Подобные суждения ретранслировались и на приграничных с Польшей территориях СССР, где подхватывались проживавшим там польским населением. Так, второй секретарь ЦК КП Литвы Б. С. Шарков информировал, что события в Польше имеют «наиболее значительное влияние на г. Вильнюс и окружающие его районы, а также на г. Каунас». Наряду с увеличением числа граждан польской национальности, желающих выехать из СССР в Польшу (только по г. Вильнюсу 26 октября был оформлено 333 документа на продажу индивидуальных домов), имели место и проявления иных суждений. Так, поляк Матусевич, житель д. Жилянца Вильнюсского района, прямо заявил: «Сейчас в Польшу ехать нет необходимости, так как там происходит перемена власти, но в недалеком будущем польское правительство потребует вернуть Польше ранее принадлежавшие ей районы бывшего Вильнюсского воеводства, и мы лишь должны помочь польским властям изгнать из этих районов литовцев и русских»[972].

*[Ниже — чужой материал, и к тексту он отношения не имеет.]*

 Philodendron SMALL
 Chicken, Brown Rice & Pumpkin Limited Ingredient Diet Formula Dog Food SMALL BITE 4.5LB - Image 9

Почему же жестко и даже агрессивно настроенный Хрущев вынужден был смягчить свой курс по отношению к новому руководству Польши? Он не мог не осознать атмосферы поддержки польского народа своего правительства и катастрофических непредсказуемых последствий в случае советского военного вмешательства. Помимо прочего, речь шла о самой крупной и боеспособной армии среди стран Варшавского договора, а также о населении, имевшем в массе своей не только опыт вооруженной борьбы, но и четкую мотивацию своих действий. К тому же весьма непростой была и общая политическая ситуация, в которой наибольшую угрозу приобретал стремительно набиравший силы венгерский фактор[973] (так, И. С. Конев вскоре срочно был отправлен из Польши в Венгрию для проведения операции, получившей кодовое наименование «Вихрь», и 2 ноября прибыл в Сольнок; ранее, 24 октября, в Будапешт прибыл А. И. Микоян).

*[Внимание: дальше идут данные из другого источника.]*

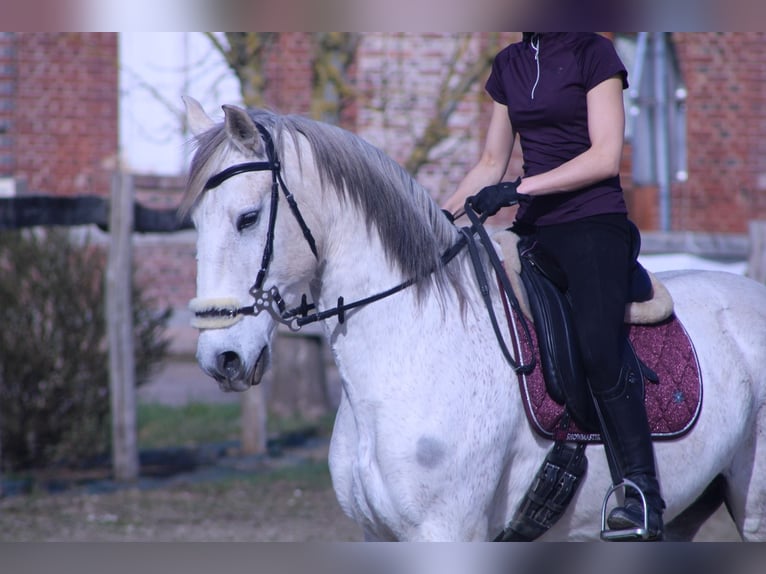 Cruzado Wallach 11 Jahre 166 cm Fliegenschimmel in Fry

Таким образом, силовое вмешательство в Польше, которое не только не отрицалось, но, напротив, изначально занимало важное (если не ведущее) место в советских планах, как выяснилось, не могло разрешить все сложности текущего момента. Морально готовые на военные действия советские лидеры поняли, что угроза неудачи – вполне реальна, а возможные ее последствия – слишком велики. Именно это обстоятельство, а отнюдь не гуманность и миролюбие, которых весьма наивно было бы ожидать от тех, кто в свое время без колебаний уничтожал как внутренних врагов в собственном государстве, так и суверенитет более слабых соседей, заставило их отступить в случае с Польшей. И произошло это отнюдь не сразу. На заседании Президиума ЦК КПСС 21 октября 1956 года при обсуждении «Вопросов Польши» Н. С. Хрущев достаточно ясно выразил эту мысль: «Учитывая обстановку, следует отказаться от вооруженного вмешательства. Проявить терпимость»[974]. Тот факт, что эта идея была окончательно похоронена лишь два дня спустя после отмены «марша на Варшаву» советской бронетанковой дивизии, говорит о ее поразительной живучести в головах советских лидеров. Но, как следует из черновых протокольных записей, сделанных на следующем заседании Президиума ЦК КПСС 23 октября 1956 года, ни один из присутствовавших на нем советских партийных лидеров даже не поднимал вопроса о возможности применения силы против Польши – вопрос уже был решен до этого[975].

Однако существуют иные точки зрения на этот счет, сдвигающие вперед время принятия советским руководством решения об отказе от силового вмешательства в Польше. Так, в части III «Венгерское восстание и решения Кремля (23 октября – 3 ноября 1956 г.)» сборника документов «Советский Союз и венгерский кризис 1956 года» указано следующее: «Руководство КПСС вплоть до 23 октября продолжало считать приоритетным “польский вопрос”. Вернувшись 20 октября из Варшавы, куда делегация КПСС вылетела накануне в связи с реальной угрозой не санкционированной из Москвы смены партийного руководства, советские лидеры в течение нескольких дней взвешивали возможности вооруженного вмешательства в Польше»[976].

Заметим, что в тексте говорится именно о силовом решении, а не только об остроте «польского вопроса». Но, выше уже было указано, что Н. С. Хрущев принял решение отказаться от вооруженного вмешательства уже на следующий день после возвращения из Польши, поэтому в действительности, говоря о времени принятия решения, можно предположить, что речь идет максимум о сутках с небольшим, но не о нескольких днях[977]. Причина этой ошибки заключается в том, что авторы-составители сборника тогда не располагали необходимыми документами, опубликованными лишь пять лет спустя.